[What is required]:
The response must be the exact lines from the line holding "Mccpuo 3MP 5G" through the end of the entries, with no pictures and nothing else.

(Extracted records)
....

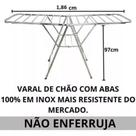 Varal de Chao Inox (O mais resistente do mercado)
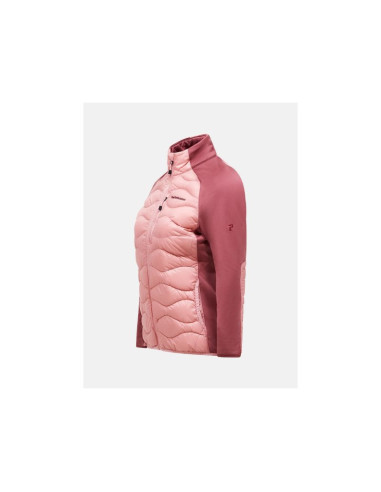 Kurtka damska puchowa peak performance w helium hybrid down jacket kolor różowy
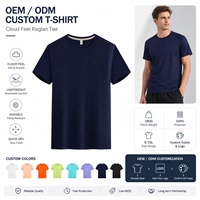 T-shirt décontracté unisexe personnalisé avec logo, séchage rapide, respirant, écologique, 180g, toucher nuage, manches raglan, 100% coton, vente en gros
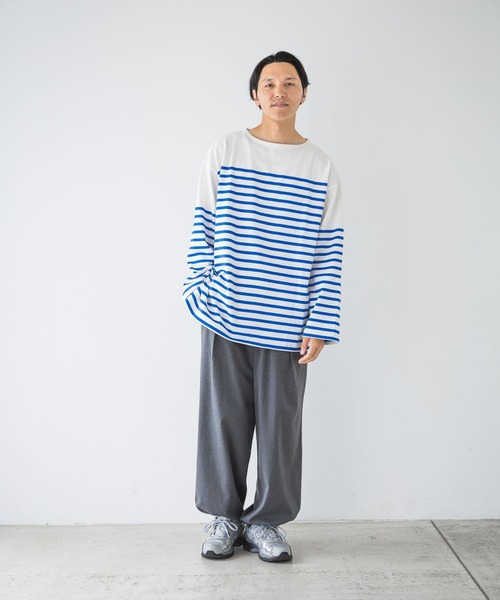 LOWRYS FARM（ローリーズファーム）の「LAWSONボーダーT 151500（Tシャツ/カットソー・レディース・ピンク/ネイビー/ブルー・MEDIUM/LARGE）」の10枚目の写真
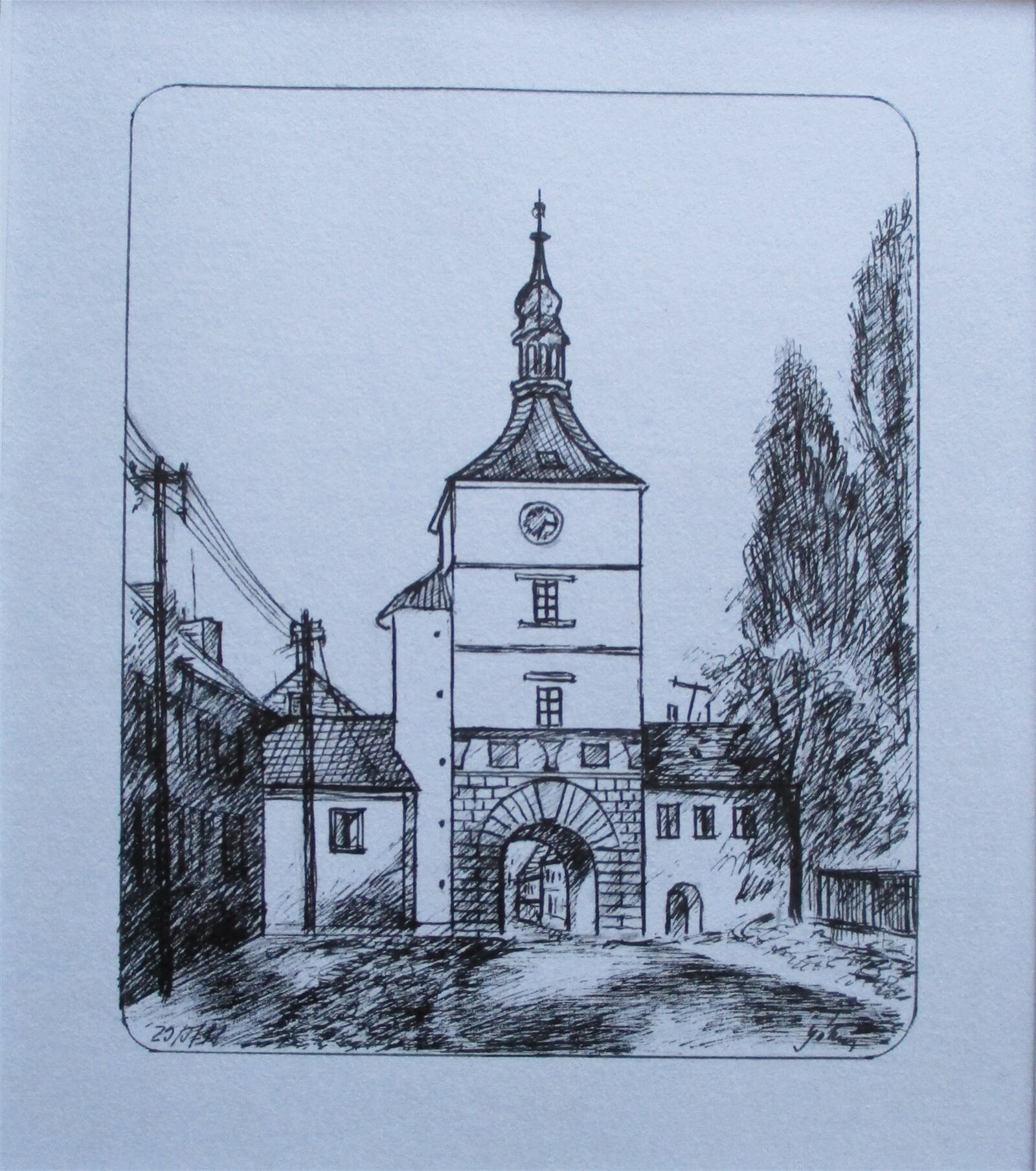Jaroslava Jáněová: Velvary, 11 × 9 cm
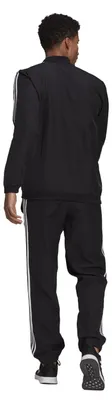 adidas Trainingsanzug Woven Männer 3 Streifen schwarz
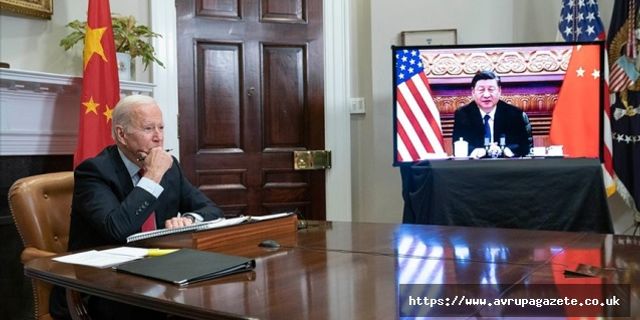 ABD Başkanı Biden ile Çin Devlet Başkanı Şi çevrim içi görüştü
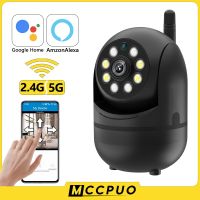 Mccpuo 3MP 5G WIFI Camera AI Auto Tracking Indoor Home Security Surveillance Camera Full Color Night Vision Baby Monitor Alexa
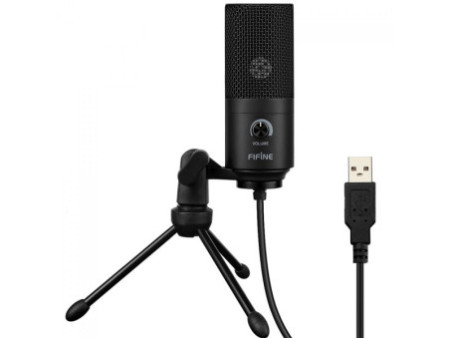 Microfone Fifine K669 PRO, USB, Black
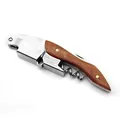 Professional rosewood handle wine corkscrew with engraved stainless steel head. - Embossed Pearwood Style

....

[Task answer]:
 Mccpuo 3MP 5G WIFI Camera AI Auto Tracking Indoor Home Security Surveillance Camera Full Color Night Vision Baby Monitor Alexa
 Microfone Fifine K669 PRO, USB, Black
 Professional rosewood handle wine corkscrew with engraved stainless steel head. - Embossed Pearwood Style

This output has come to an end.